Talks between the various parties had been ongoing for several months, with the government determined to improve rural coverage and operators eager to avoid coverage licence obligations at the next auction of 5G spectrum.

Ofcom says and only 67 per cent of the UK’s geographic area is completely covered while seven per cent of the country can’t receive a 4G signal at all.

Uk rural 4G coverage

In exchange for the abolition of coverage obligations, the mobile operators would invest £530 million to open and share existing masts in parts of the country where coverage is available from at least one operator but not all. The government would then provide up to £500 million to build new masts in ‘total not spots’ where there is no 4G coverage from any operator.

The government will also make infrastructure built as part of the Emergency Service Network (ESN) available top operators, adding an additional two per cent of coverage. In total, 280,000 premises and 16,000km of roads could be included in the project.

“We are determined to make sure no part of the country is left behind when it comes to mobile connectivity,” said Digital Secretary Nicky Morgan. “We are closing in on a deal with the mobile network operators so those living in rural areas will be able to get the fast and reliable mobile coverage they need and deserve. 

“Brokering an agreement for mast sharing between networks alongside new investment in mobile infrastructure will mean people get good 4G signal no matter where they are or which provider they’re with.”

A deal has not yet been formalised, but could be reached as early as next year.
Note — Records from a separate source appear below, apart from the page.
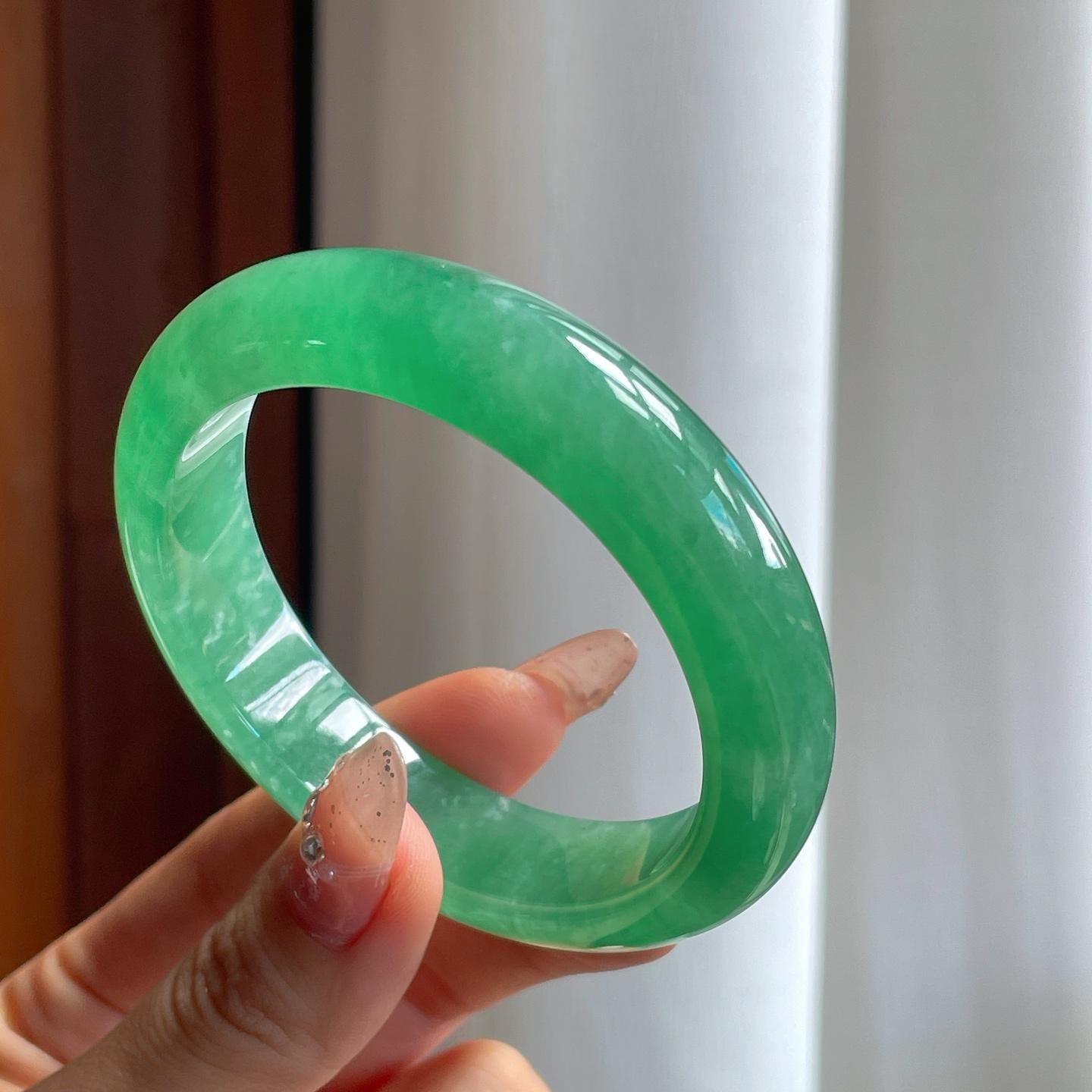 糯冰满绿翡翠平安镯（57mm）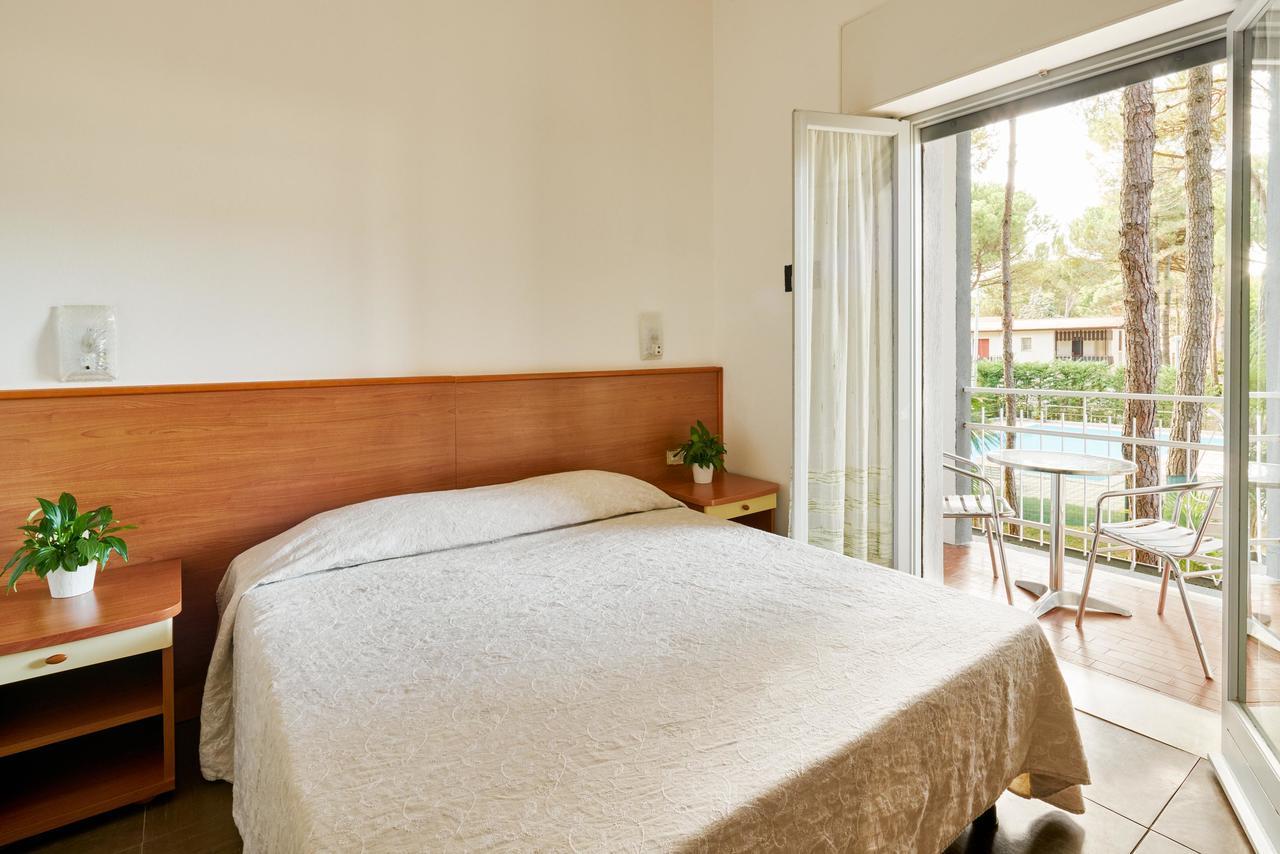 G/Hotel Lignano ลินญาโน ซับเบียโดโร ภายนอก รูปภาพ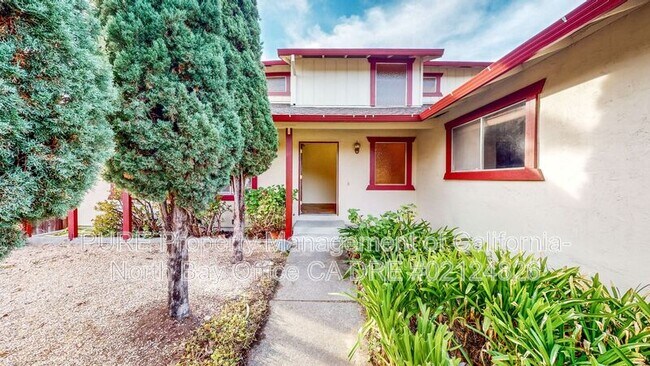 Building Photo - 2139 San Antonio Dr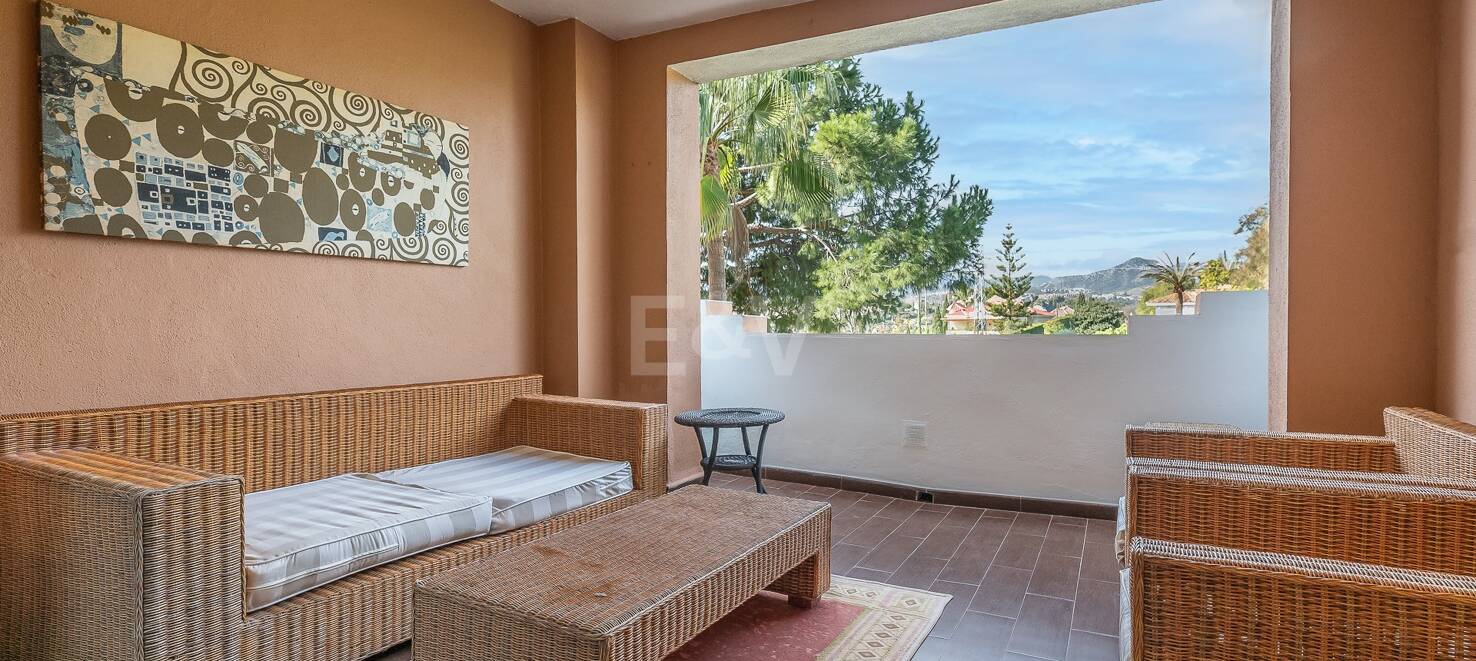 Lovely Guadalmina Frontline Golf Apartment
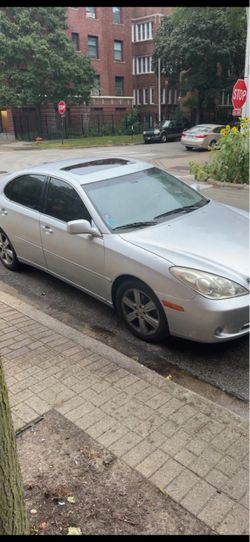Lexus ES 330 Silver Sedan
The chief executives of EE, O2,Three and Vodafone have praised the deal, claiming it to be a “world first” and a “step change” in the way that all operators delivering mobile coverage.

The Shared Rural Network (SRN) will also end calls for a national roaming network that would allow customers of one operator to switch to another network if they can’t get a signal. This would effectively see operators carrying their rival’s traffic. Operators had opposed such a move, arguing they would simply stop investing in network infrastructure as a result.

“Proposals to finally boost much-needed 4G coverage across the UK are positive and should help consumers access a better signal, but government and industry must now urgently clarify how these plans will deliver the right level of geographic coverage to match what people actually need,” added Caroline Normand, director of advocacy at Which?

“For people to reap the benefits as soon as possible, government must ensure that action is immediate and that progress can be measured. Consumers also need to have a real choice of providers in all areas if they are going to see improvements."